I laughed to myself after my last post because I started thinking about how this series really could have been positioned as letters of apology to my family.  I didn’t live Trying Hard and Fearful somewhere alone in a cave.  I did it right up front and center in my own home.

I really would like to say thank you to my poor husband who is my polar opposite, but has loved me and endured all my attempts to figure this walk out for over 26 years.  When I talked about ‘mothering’ fearfully, I did use that word specifically because parenting is a two-person process (really five if you are wise enough to include the Father, the Son and the Holy Spirit).  When our girls were little my husband was definitely a ‘let-them-touch-the-hot-stove-so-they-never-do-it-again’ kind of guy, while I was a ‘let’s-cordon-off-the-entire-kitchen-so-they-never-even-know-there-is-a-stove’ kind of girl.  It never occurred to me that God had put the Tree of the Knowledge of Good and Evil in the Garden of Eden in the first place AND had actually pointed it out to Adam and Eve.  I am a slow learner.

Somehow God knew that if He paired us together our kids just might make it.  And they have more than made it.  They are all three beautiful miracles who love God and all have their unique expression of Him.  It is a testimony to God’s goodness and not to any formula I managed to concoct and adhere to.

So back to ways not to reign in life…I always think of tiaras when I think of reigning (Princess Diana and Princess Grace rocked the tiaras!).

My mom likes to say that I was born 40 years old.  She was referring to the fact that I seemed so mature and responsible for my age, almost adult-like.

Well, on the outside it made me a ‘good’ child, but on the inside it was a crushing weight.  Somewhere along the way I believed a lie that I was responsible for EVERYTHING.  How I got there is complicated, but let me just say that all the approval I got for being mature, responsible and good, launched me on a life of independence and self-sufficiency.

I learned very early on that if I didn’t do it, no one else would.  Sadly, I even believed this about God.  I lived thinking (not necessarily consciously) He wasn’t very good at His job so if anything good was going to happen in my life I would have to make it happen.  There are a 1000 ways this played out like killing myself to get straight A’s in school, working full-time in high school, going to the right college, and above all else NEVER asking for help.

It’s a very lonely existence being Superwoman.  No one ever asks if you need anything because you’ve trained them not to.  And when you do raise your hand (think of a drowning person weakly lifting their hand above the surface of the water), often there is no response because you have so distanced yourself from others.  True community and relationships are forged in a mutual dependency on one another and God.  I knew absolutely nothing about that.

There’s a reason the Bible tells us to ‘bear one another’s burdens.’  We can’t walk this journey alone.  We either won’t get very far or we will be crushed under the weight of it.

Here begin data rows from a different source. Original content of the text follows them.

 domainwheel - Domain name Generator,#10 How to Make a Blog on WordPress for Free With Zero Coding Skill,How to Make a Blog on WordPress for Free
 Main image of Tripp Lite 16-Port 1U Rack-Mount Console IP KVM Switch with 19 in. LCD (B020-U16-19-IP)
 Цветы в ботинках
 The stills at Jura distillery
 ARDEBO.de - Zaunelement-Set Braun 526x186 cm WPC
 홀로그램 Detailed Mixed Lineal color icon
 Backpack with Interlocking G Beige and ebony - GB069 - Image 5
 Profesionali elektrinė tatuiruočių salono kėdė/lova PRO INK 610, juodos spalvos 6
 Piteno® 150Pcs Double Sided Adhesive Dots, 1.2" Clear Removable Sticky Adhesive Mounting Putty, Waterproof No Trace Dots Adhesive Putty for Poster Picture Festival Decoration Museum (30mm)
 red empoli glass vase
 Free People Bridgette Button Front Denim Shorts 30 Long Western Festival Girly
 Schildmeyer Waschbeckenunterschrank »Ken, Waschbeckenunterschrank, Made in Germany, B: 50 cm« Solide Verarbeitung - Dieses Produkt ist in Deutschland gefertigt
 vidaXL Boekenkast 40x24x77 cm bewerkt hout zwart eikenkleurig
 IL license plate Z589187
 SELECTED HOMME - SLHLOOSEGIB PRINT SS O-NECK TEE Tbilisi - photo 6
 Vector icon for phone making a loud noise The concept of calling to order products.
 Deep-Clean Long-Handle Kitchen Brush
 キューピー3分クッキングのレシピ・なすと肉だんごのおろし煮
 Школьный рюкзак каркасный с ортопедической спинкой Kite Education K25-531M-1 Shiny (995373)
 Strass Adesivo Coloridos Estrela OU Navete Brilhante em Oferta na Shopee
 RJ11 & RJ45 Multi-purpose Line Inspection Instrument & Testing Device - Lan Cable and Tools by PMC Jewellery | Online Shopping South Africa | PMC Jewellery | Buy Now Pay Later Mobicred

The funny thing is I did have relationships, but they were based on need.  Other people needing me.  I forged fast friendships based on some way I could help others.  But when it came to my needs I felt as if there were something wrong with either having them or sharing them.

Jesus said in Matthew 11:28 (NASB)“Come to Me, all who are weary and heavy-laden, and I will give you rest.”

I thought that verse was just in there for the weak people.  I had no idea Jesus was talking to me and that in fact He had become my Sabbath rest.  I could actually cease striving for my own success because it was really all wrapped up in Him.

I didn’t get it until my good flesh stopped working for me.  I hit the wall.  Actually I hit the wall a bunch of times (maybe that explains my wonky eye???), but when I finally hit it and then could no longer pick myself back up it made me ask, “Why?”  Asking why and honestly being open to the answer was the beginning of a paradigm shift.

Bottom line:  Self-sufficiency is definitely another tiara-tilter and abundance-drainer!